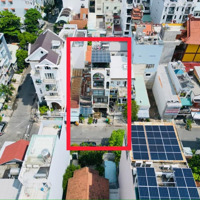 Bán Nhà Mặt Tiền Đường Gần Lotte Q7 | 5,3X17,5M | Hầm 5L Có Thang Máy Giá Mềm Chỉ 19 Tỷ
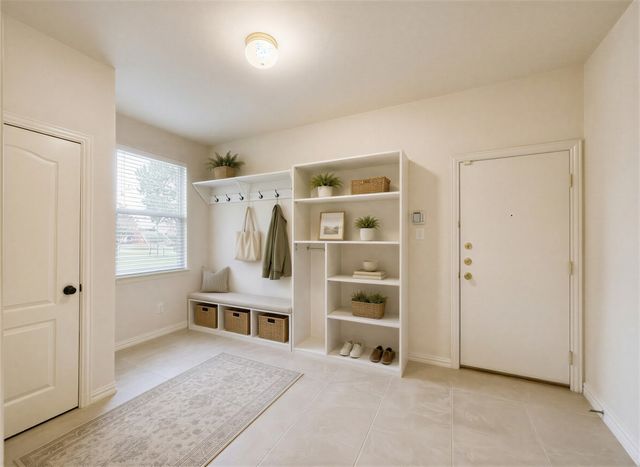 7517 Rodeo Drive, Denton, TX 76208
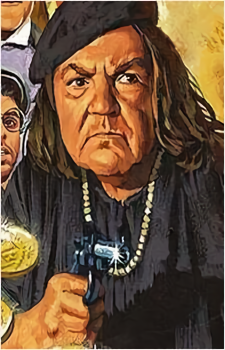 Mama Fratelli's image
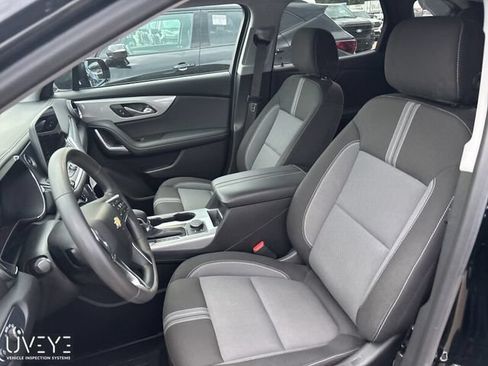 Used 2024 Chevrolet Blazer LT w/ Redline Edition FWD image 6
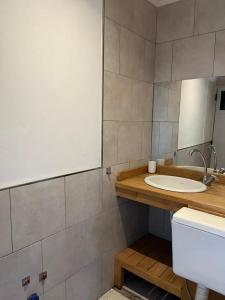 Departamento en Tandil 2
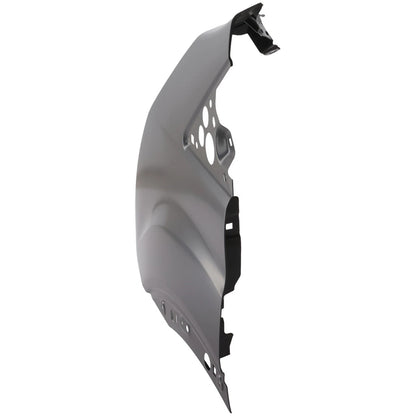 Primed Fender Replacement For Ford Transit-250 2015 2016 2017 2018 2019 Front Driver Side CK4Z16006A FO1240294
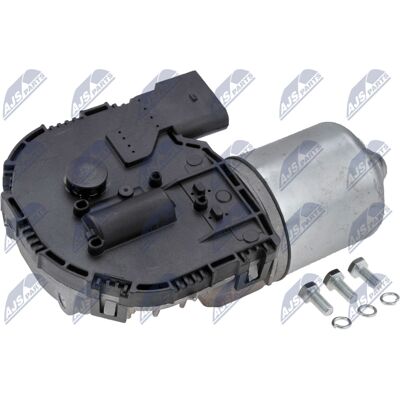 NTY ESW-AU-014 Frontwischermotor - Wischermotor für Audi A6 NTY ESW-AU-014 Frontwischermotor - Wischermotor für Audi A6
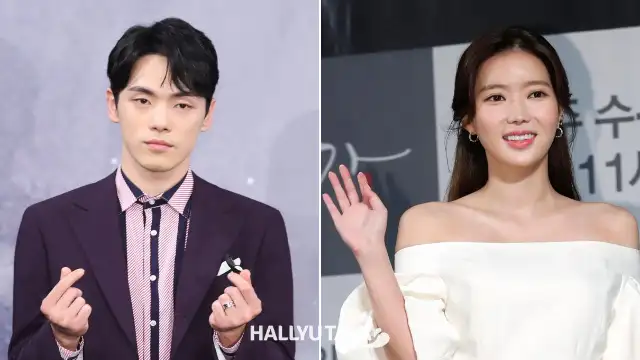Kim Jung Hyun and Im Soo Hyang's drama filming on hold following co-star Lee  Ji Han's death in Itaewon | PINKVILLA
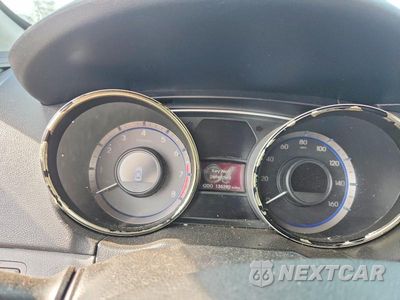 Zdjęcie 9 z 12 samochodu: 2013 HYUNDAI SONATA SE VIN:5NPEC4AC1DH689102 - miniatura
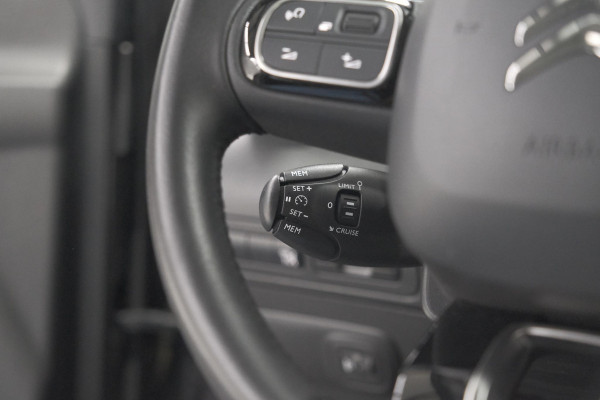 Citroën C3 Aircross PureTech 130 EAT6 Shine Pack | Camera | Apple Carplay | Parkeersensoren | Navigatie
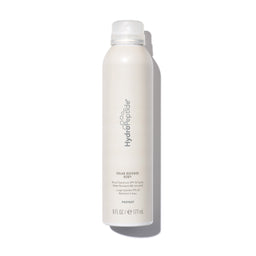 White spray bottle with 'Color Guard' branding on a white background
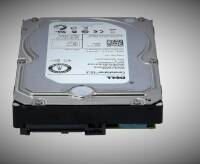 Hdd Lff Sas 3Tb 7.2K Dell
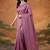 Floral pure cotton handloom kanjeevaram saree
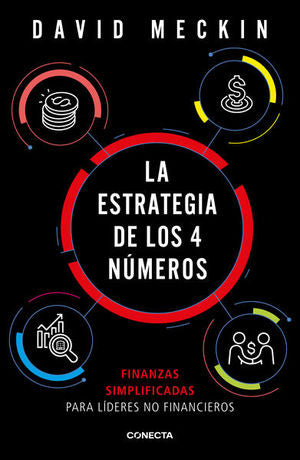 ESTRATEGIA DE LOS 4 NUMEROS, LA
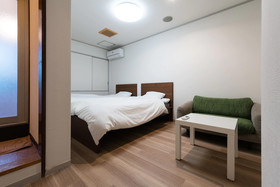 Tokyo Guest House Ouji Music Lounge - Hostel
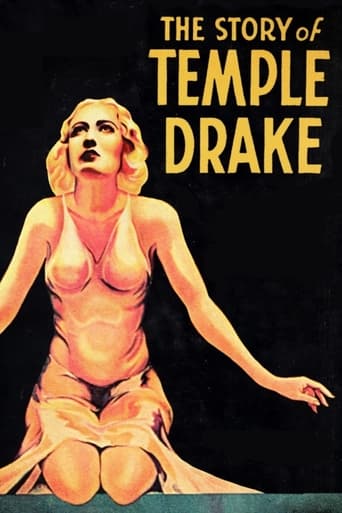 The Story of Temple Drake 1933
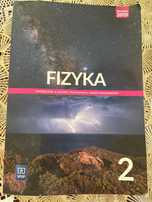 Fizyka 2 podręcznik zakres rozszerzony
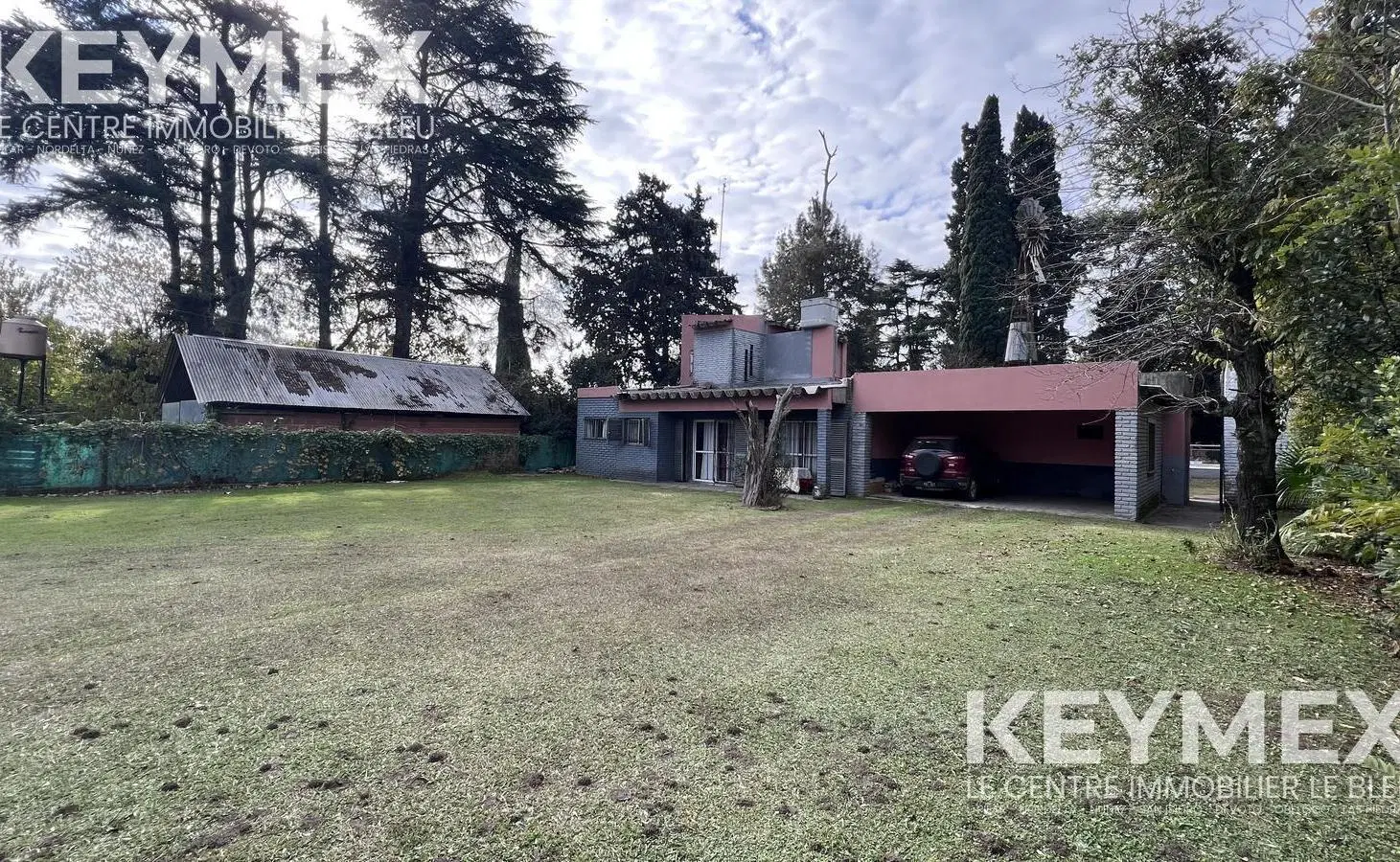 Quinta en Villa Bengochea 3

Exercise brief: Pictures are to be left out; the answer must otherwise be exactly the lines from the one with "Floral pure cotton" through the final line of the entries above, both included.

Exercise response:
 Floral pure cotton handloom kanjeevaram saree
 ESTRATEGIA DE LOS 4 NUMEROS, LA
 Tokyo Guest House Ouji Music Lounge - Hostel
 The Story of Temple Drake 1933
 Fizyka 2 podręcznik zakres rozszerzony
 Quinta en Villa Bengochea 3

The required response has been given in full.